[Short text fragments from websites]

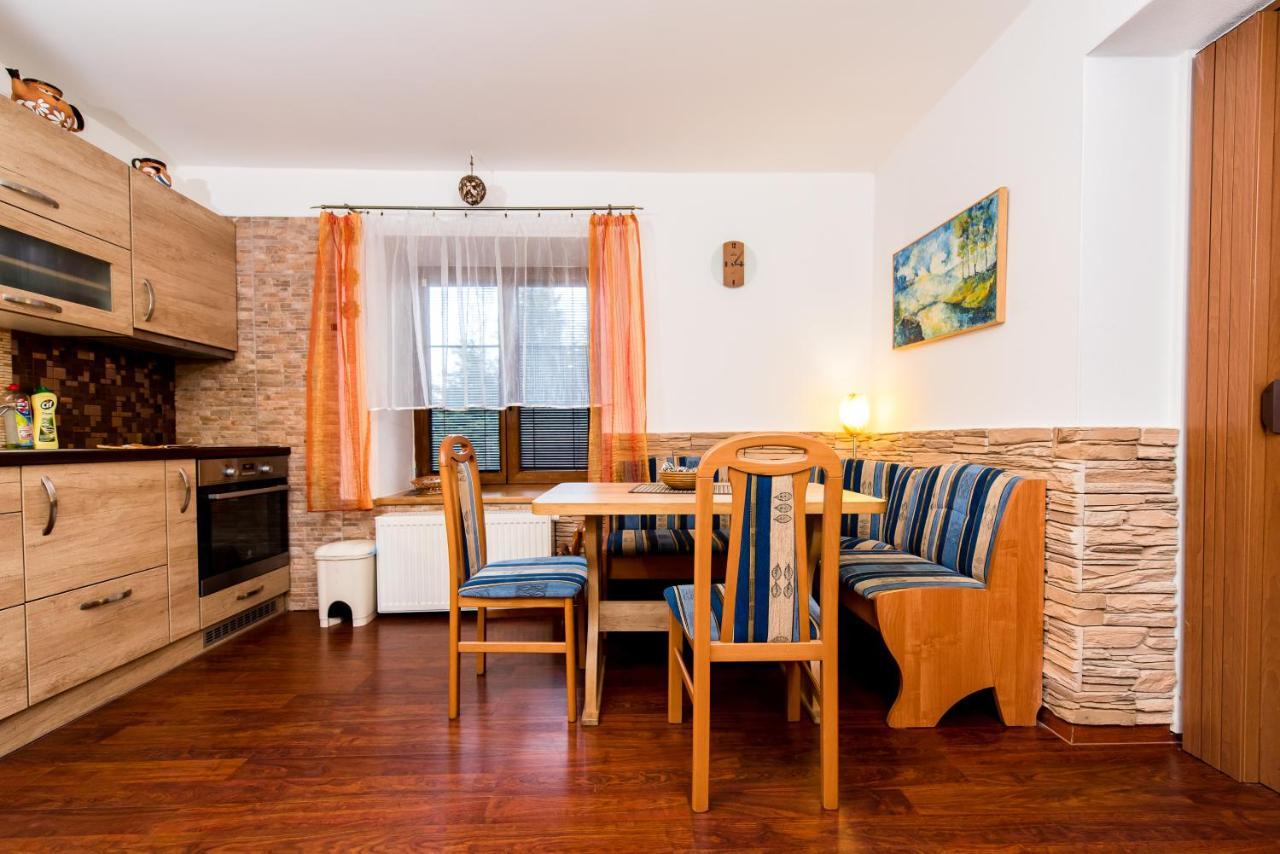 Apartmany Domino Železná Ruda エクステリア 写真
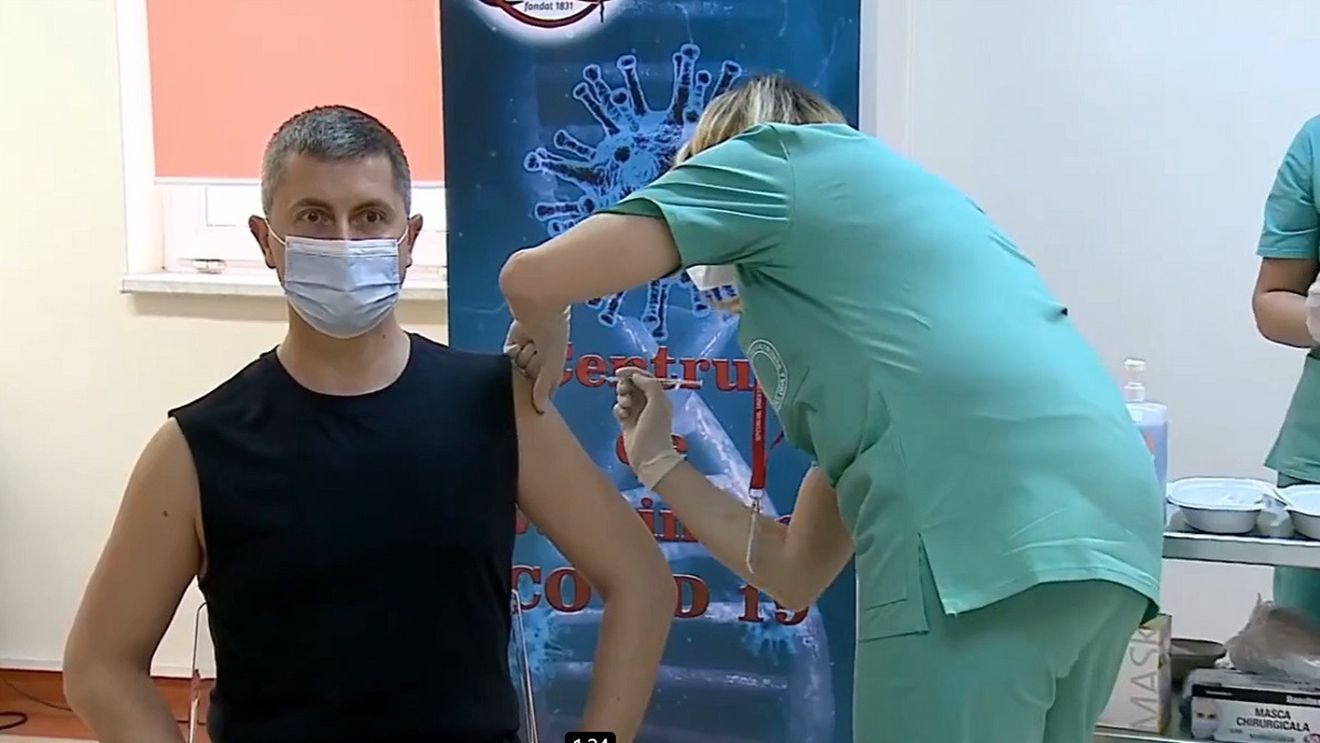 VIDEO Vicepremierii şi miniştrii Guvernului Cîţu se vaccinează la spitalul militar din București
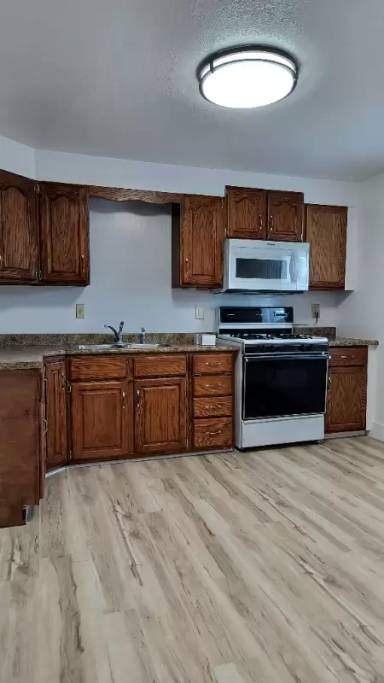 Main picture of 207 E Mechanic St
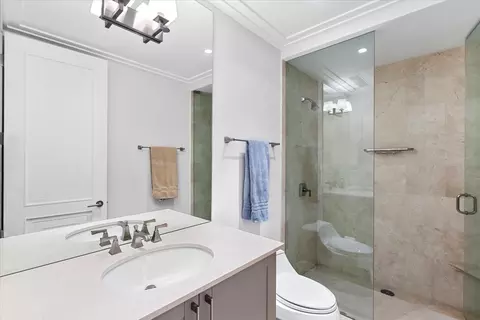 159 E Walton Pl #7A, Chicago, IL 60611 photo 21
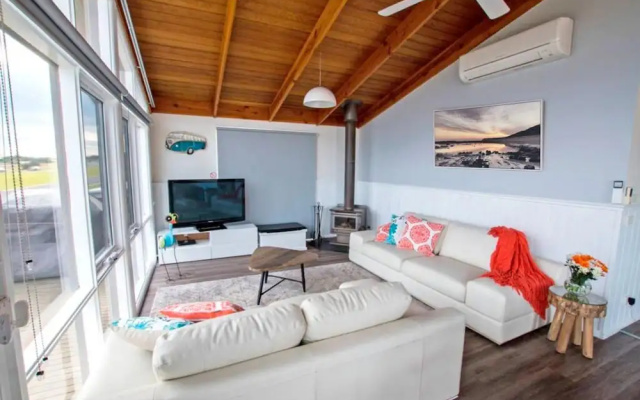 Killy Views Stunning Waterfront Pet Friendly Fireplace Free EV Charger 7 kW – Guest Rooms – Kilcunda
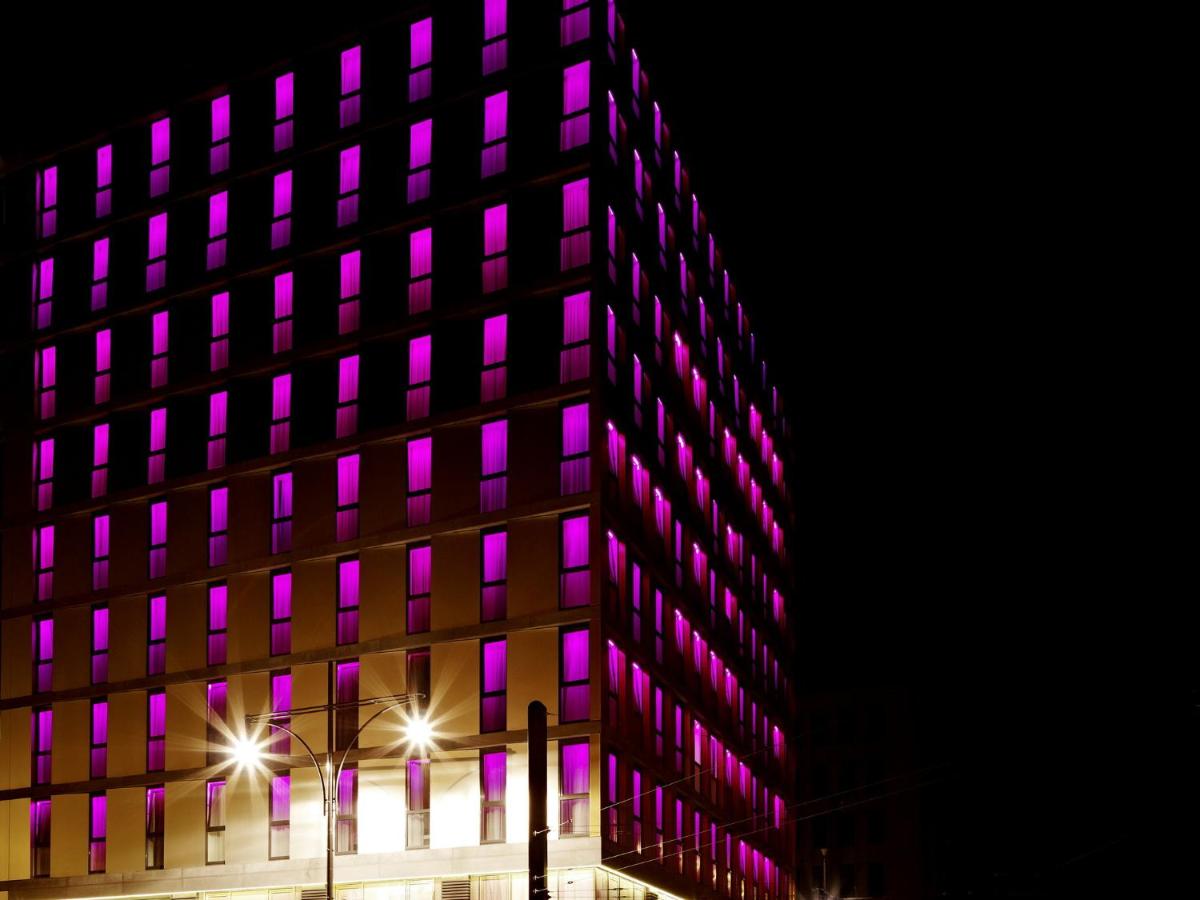 VISIONAPARTMENTS Otto-Braun-Strasse - contactless check-in photo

## Exercise description
Once the pictures are set aside, give every line above again without alteration.

## Exercise output
 Apartmany Domino Železná Ruda エクステリア 写真
 VIDEO Vicepremierii şi miniştrii Guvernului Cîţu se vaccinează la spitalul militar din București
 Main picture of 207 E Mechanic St
 159 E Walton Pl #7A, Chicago, IL 60611 photo 21
 Killy Views Stunning Waterfront Pet Friendly Fireplace Free EV Charger 7 kW – Guest Rooms – Kilcunda
 VISIONAPARTMENTS Otto-Braun-Strasse - contactless check-in photo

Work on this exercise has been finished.